#### DATA SUPPLIED:

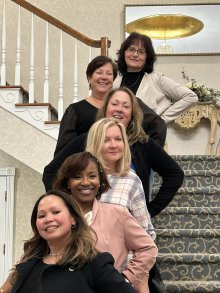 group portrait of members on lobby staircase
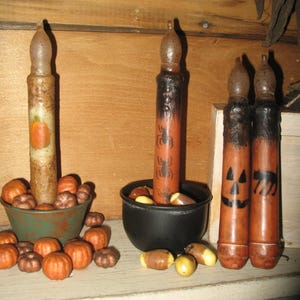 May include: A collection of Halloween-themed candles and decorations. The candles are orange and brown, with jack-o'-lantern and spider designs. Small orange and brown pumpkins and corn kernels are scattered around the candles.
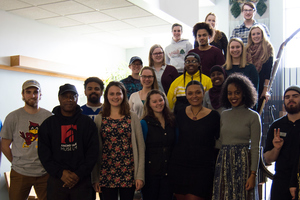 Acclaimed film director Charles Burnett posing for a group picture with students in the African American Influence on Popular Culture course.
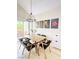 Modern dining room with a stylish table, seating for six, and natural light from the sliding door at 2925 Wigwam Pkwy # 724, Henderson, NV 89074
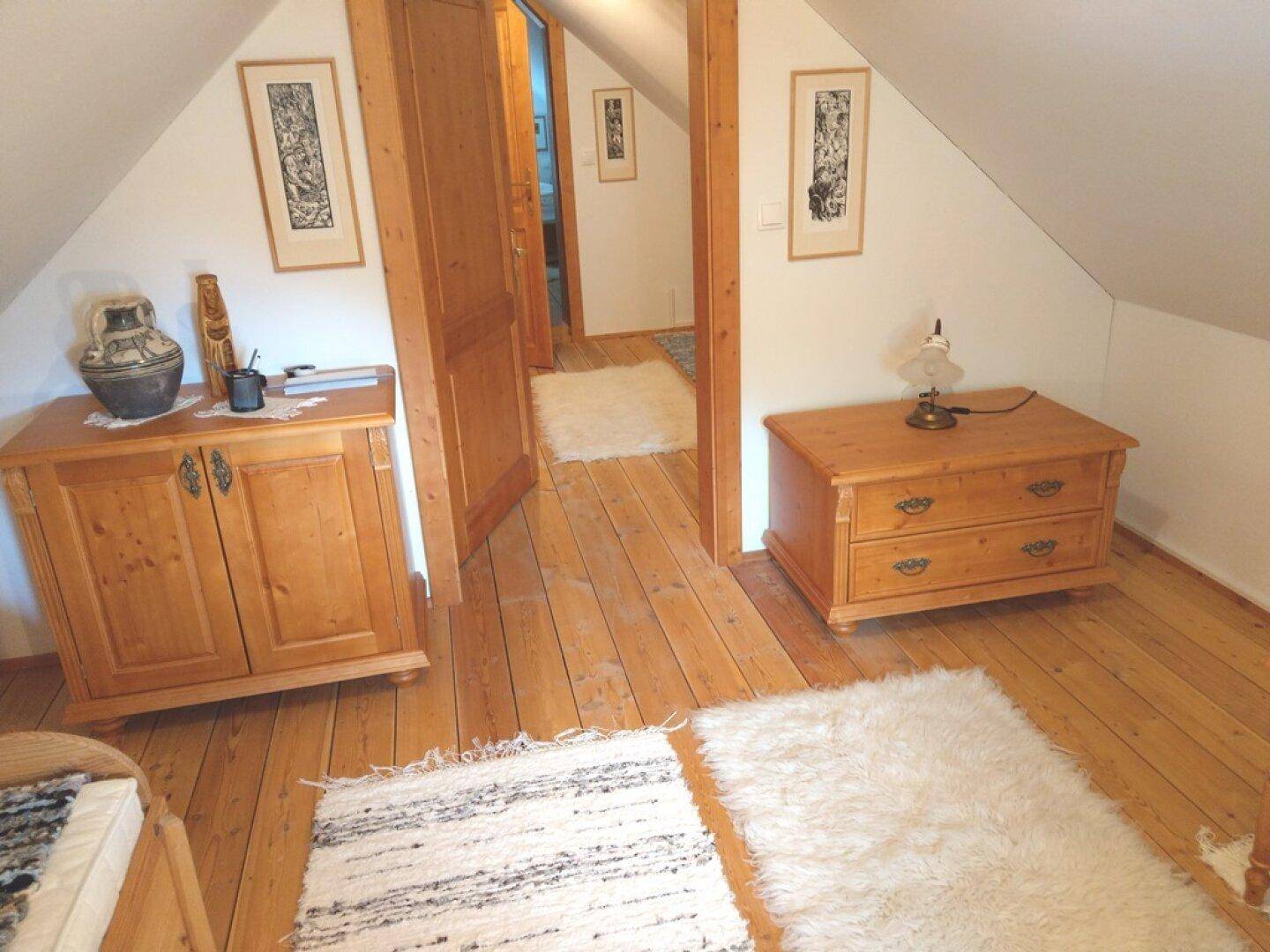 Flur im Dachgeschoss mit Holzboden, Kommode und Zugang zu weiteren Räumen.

--

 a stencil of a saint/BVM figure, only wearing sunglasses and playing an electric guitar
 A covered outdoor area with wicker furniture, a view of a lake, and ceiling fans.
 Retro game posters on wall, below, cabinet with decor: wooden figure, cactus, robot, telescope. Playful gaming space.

--

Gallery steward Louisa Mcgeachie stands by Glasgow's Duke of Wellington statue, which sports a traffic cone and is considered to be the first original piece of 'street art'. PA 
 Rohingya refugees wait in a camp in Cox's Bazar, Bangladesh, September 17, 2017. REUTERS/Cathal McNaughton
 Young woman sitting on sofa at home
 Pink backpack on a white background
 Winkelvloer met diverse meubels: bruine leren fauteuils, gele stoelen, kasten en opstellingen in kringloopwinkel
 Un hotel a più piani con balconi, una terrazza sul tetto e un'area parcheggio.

#### EXERCISE DIRECTIONS:
When you reach the line with "Winkelvloer met diverse" in the records above, start writing out lines exactly, and stop once the line with "Un hotel a più" has been written; include nothing else.

#### ANSWER:
 Winkelvloer met diverse meubels: bruine leren fauteuils, gele stoelen, kasten en opstellingen in kringloopwinkel
 Un hotel a più piani con balconi, una terrazza sul tetto e un'area parcheggio.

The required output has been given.